[[ Records for this exercise, beginning ]]

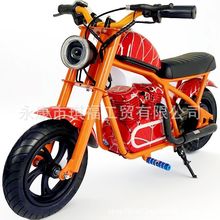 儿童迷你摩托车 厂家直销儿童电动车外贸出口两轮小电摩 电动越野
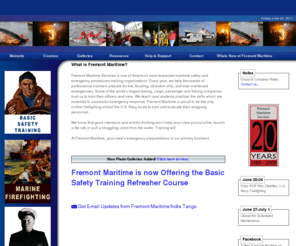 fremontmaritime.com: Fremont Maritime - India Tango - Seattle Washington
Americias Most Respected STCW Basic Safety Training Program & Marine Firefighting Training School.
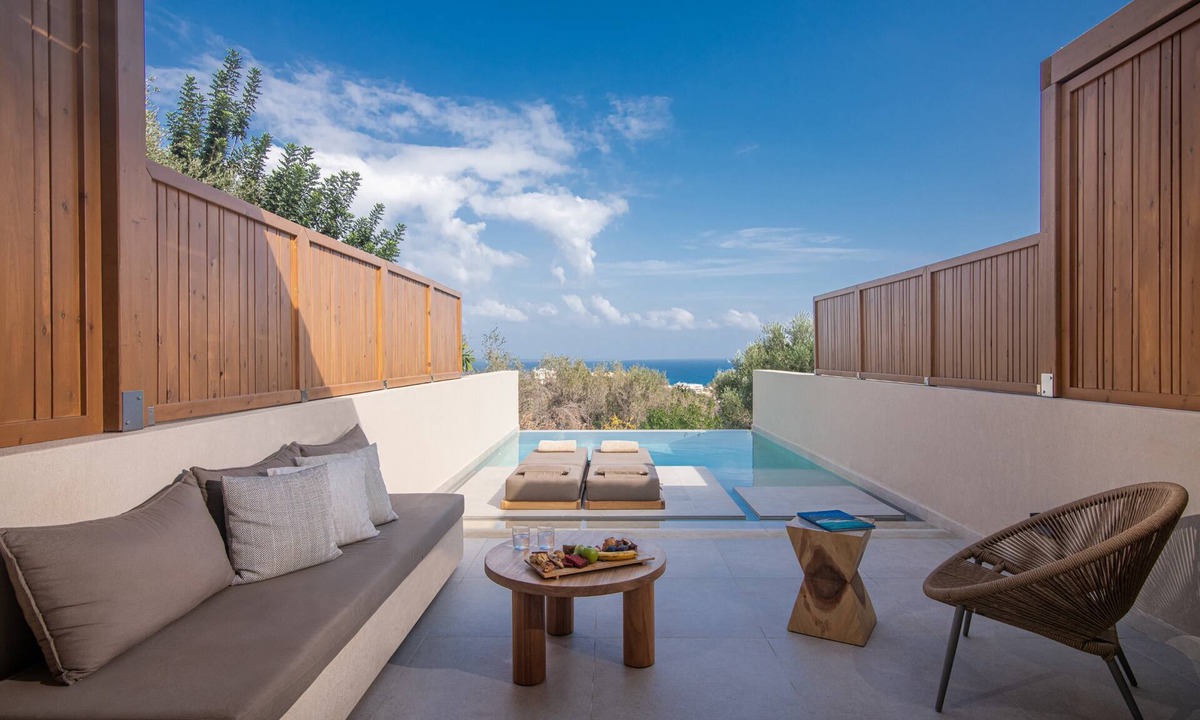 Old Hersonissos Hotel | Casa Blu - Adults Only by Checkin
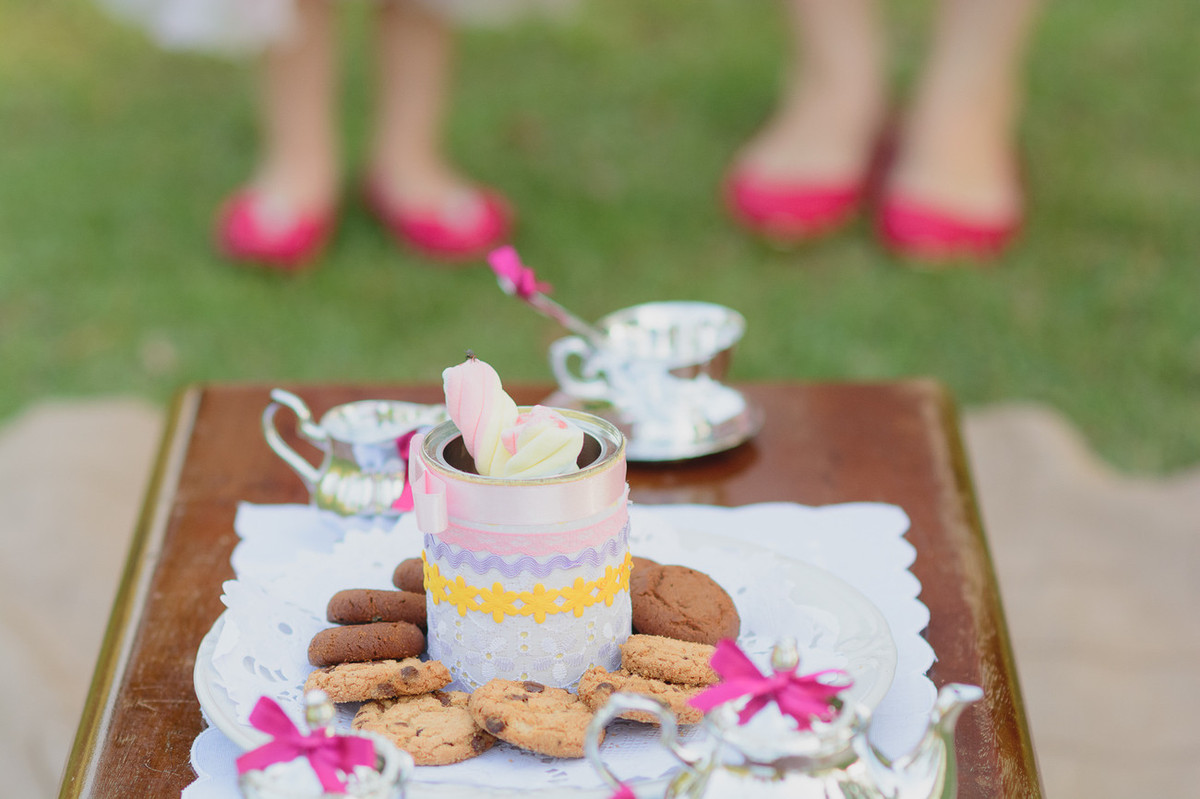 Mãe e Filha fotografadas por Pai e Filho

[[ Records for this exercise, end ]]
[[ Records for this exercise, beginning ]]

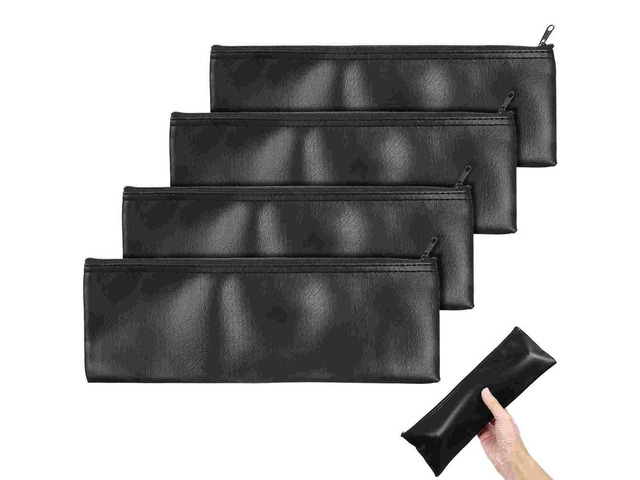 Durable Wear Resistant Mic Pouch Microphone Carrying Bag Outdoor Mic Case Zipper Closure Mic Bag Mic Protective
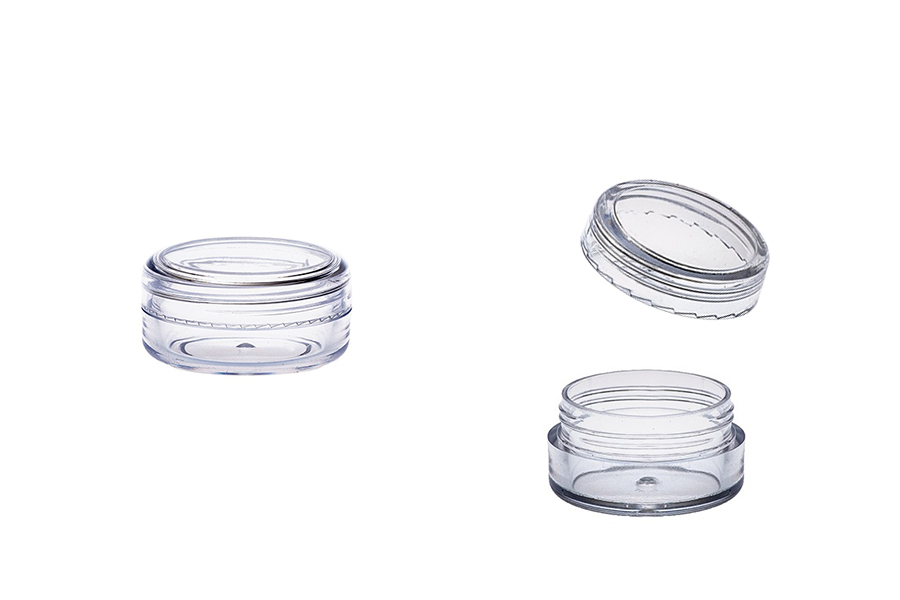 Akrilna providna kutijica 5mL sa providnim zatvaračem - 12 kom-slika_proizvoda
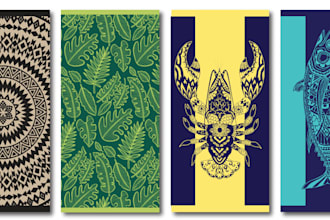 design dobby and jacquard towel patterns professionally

[[ Records for this exercise, end ]]
[[ Records for this exercise, beginning ]]

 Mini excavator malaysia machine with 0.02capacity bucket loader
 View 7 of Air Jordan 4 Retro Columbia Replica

[[ Records for this exercise, end ]]

Only one stretch of the entries above is needed: the lines from the one containing "儿童迷你摩托车 厂家直销儿童电动车外贸出口两轮小电摩 电动越野" through the one containing "Mãe e Filha fotografadas por Pai e Filho". Copy it exactly, without the pictures.

[Response area]
 儿童迷你摩托车 厂家直销儿童电动车外贸出口两轮小电摩 电动越野
 fremontmaritime.com: Fremont Maritime - India Tango - Seattle Washington
Americias Most Respected STCW Basic Safety Training Program & Marine Firefighting Training School.
 Old Hersonissos Hotel | Casa Blu - Adults Only by Checkin
 Mãe e Filha fotografadas por Pai e Filho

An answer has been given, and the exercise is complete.